= Chitradurga Aeronautical Test Range =

Aeronautical Test Range (ATR), Chitradurga is an out-door testing and evaluation facility set up by the Defence Research and Development Organisation (DRDO) exclusively for unmanned and manned aircraft. The ATR is under the command of the Aeronautical Development Establishment (ADE).

ATR, Chitradurga is located at Varavoo Kaval in Challakere Taluk of Chitradurga district on a 4,290 acre plot.
The land was bought by the Ministry of Defence from the Karnataka state government for Rs.12 crore (Rs.120 million) in a deal negotiated in 2008.
The project was set up with an investment of Rs 1300 Crores.

ATR, Chitradurga has a Range Control Centre (RCC) with air traffic display system. It is equipped with a mission video distribution and display system. It has a Radar Centre which houses primary and secondary surveillance radars. It has two hangars which houses unmanned aerial vehicles Rustom-1 and Rustom-2. The runway is currently 2.2 km long with the capacity to host take off and landing from any end.

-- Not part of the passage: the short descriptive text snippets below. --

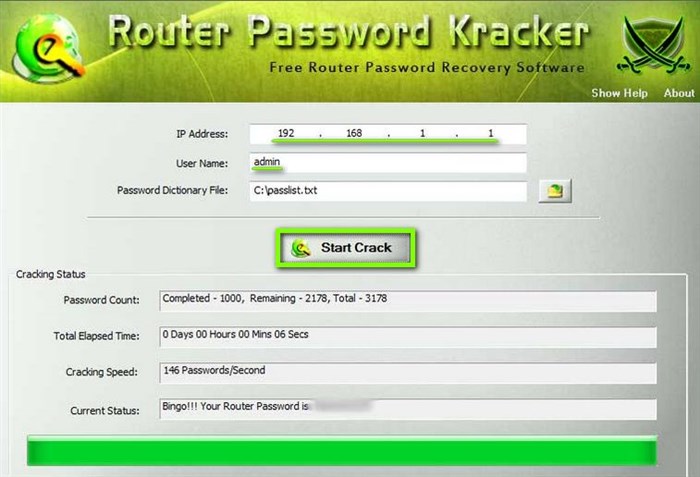 Восстановление забытого пароля с помощью Router Password Kracker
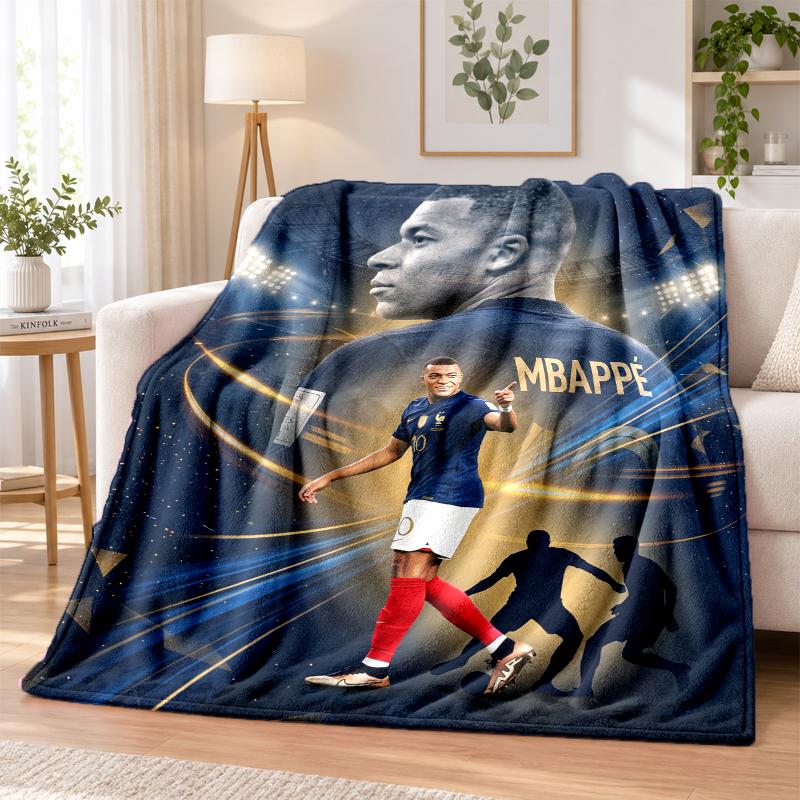 Kylian Mbappe Printed Flannel Blanket Warm Comfort Bed Throw For Indoor Home Decoration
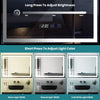 LED Bathroom Mirror Illuminated Demister 3 Color Touch Switch Wall Mounted Black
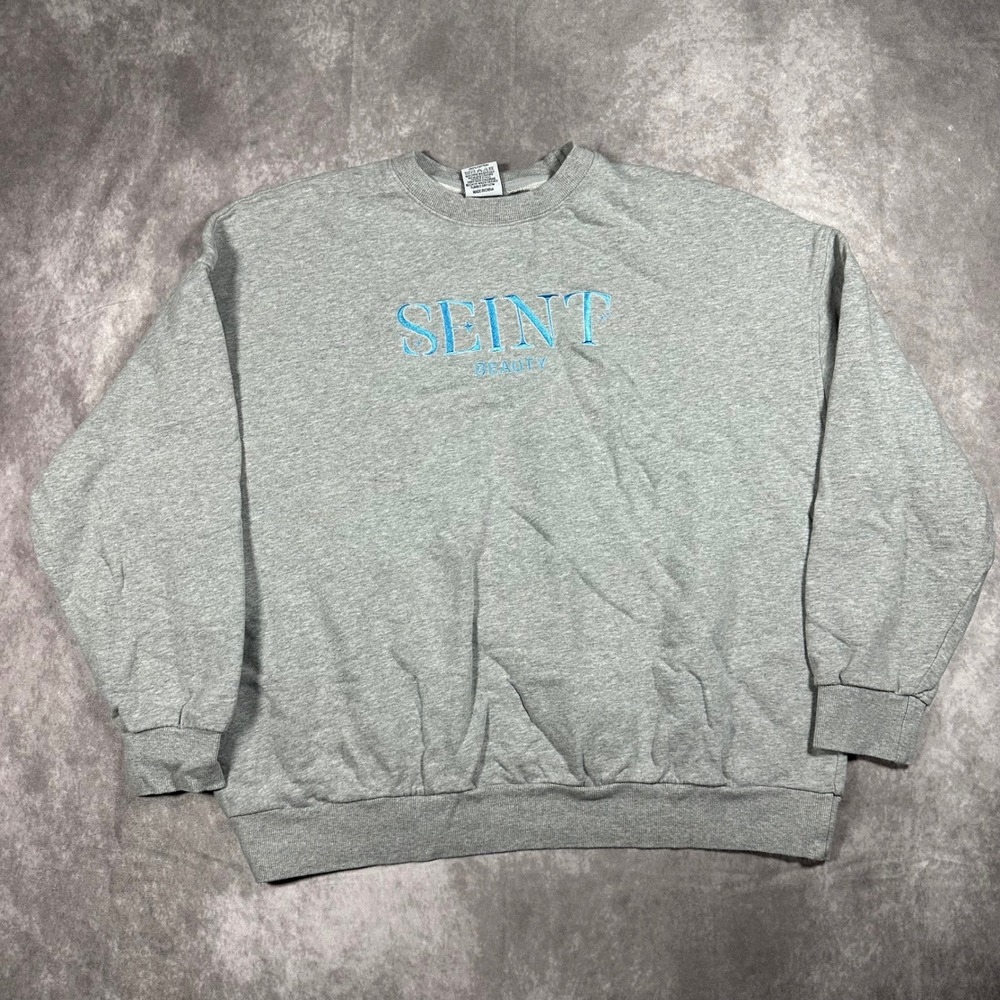 Seint Beauty Women XL Gray Blue Embroidered Over the Rainbow Crewneck Sweatshirt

The project envisages a runway beside other tracking and control equipments and a rail link to the facility have also been planned.
In 2021, ADE planned to expand the runway from 2.2 km to 3 km and set up a high-power computing facility.

Chitradurga ATR is intended to conduct the trials of unmanned aerial vehicles (UAVs), air-to-ground weapons, parachutes and aerostats. It has been planned not to utilize Challakere ATR for test flight of ballistic missiles.

The Chitradurga ATR was partially activated on 15 December 2010. The facility was formally inaugurated by the Union Defence and Finance Minister Arun Jaitley on 28 May 2017.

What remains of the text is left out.